Could antibiotics make your child FAT?

Children who are given antibiotics over the course of their childhood gain weight significantly faster than those who do not, experts have warned.

The drugs are thought to have a compounding effect on a child's body mass index, a measure used to determine whether someone is a healthy weight.

Antibiotics are thought to alter the balance of microorganisms that inhabit the body, experts at Johns Hopkins Bloomberg School of Public Health research said.

And, they warn the effects could last into adulthood.

Professor Brian Schwartz, leader of the study, said: 'Your BMI may be forever altered by the antibiotics you take as a child.

'Our data suggest that every time we give an antibiotic to kids they gain weight faster over time.' 

To arrive at their findings, Professor Schwartz and his team analysed Geisinger Health System's electronic health records of 163,820 children between three and 18 years old, from January 2001 to February 2012.

They examined body weight and height - which are used to determine BMI.

And they focused on antibiotic use in the previous year, as well as any earlier years for which there were records. 

At the age of 15, children who had taken antibiotics seven or more times during childhood weighed around three pounds more than those who had never taken the drugs.

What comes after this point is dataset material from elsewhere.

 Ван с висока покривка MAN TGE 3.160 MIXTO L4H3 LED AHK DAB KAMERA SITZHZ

Around 21 per cent of children in the study - the equivalent of 30,000 children - had taken seven or more courses of antibiotics as a child.

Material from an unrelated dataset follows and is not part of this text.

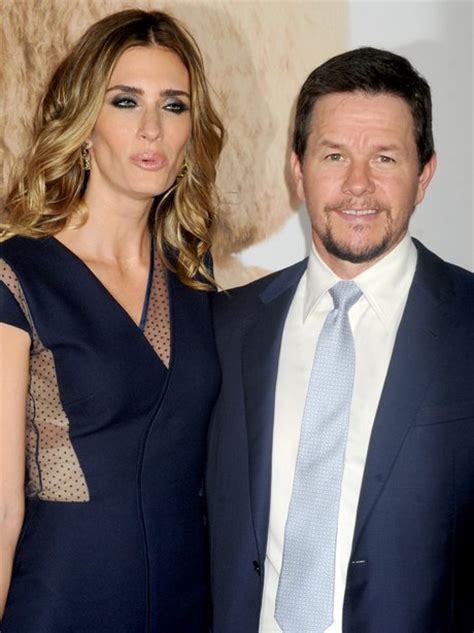 mark wahlberg and rhea durham at the ted 2 premiere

Professor Schwartz said the weight gain among those children frequently prescribed antibiotics is likely to be an underestimate of the true figure.

He said some antibiotic use, outside the health system, is likely not to have been recorded, and certain types are stronger than the overall average.

'While the magnitude of the weight increase attributable to antibiotics may be modest by the end of childhood, our finding that the effects are cumulative raises the possibility that these effects continue and are compounded into adulthood,' he said.

Scientists who worked to develop penicillin learned early on that its byproducts caused weight gain in animals.

This led to the modern industrial farming techniques of including small quantities of antibiotics in daily animal feed to fatten up the animals in an accelerated time frame.

So, a connection with weight gain does make biological sense, Professor Schwartz said. 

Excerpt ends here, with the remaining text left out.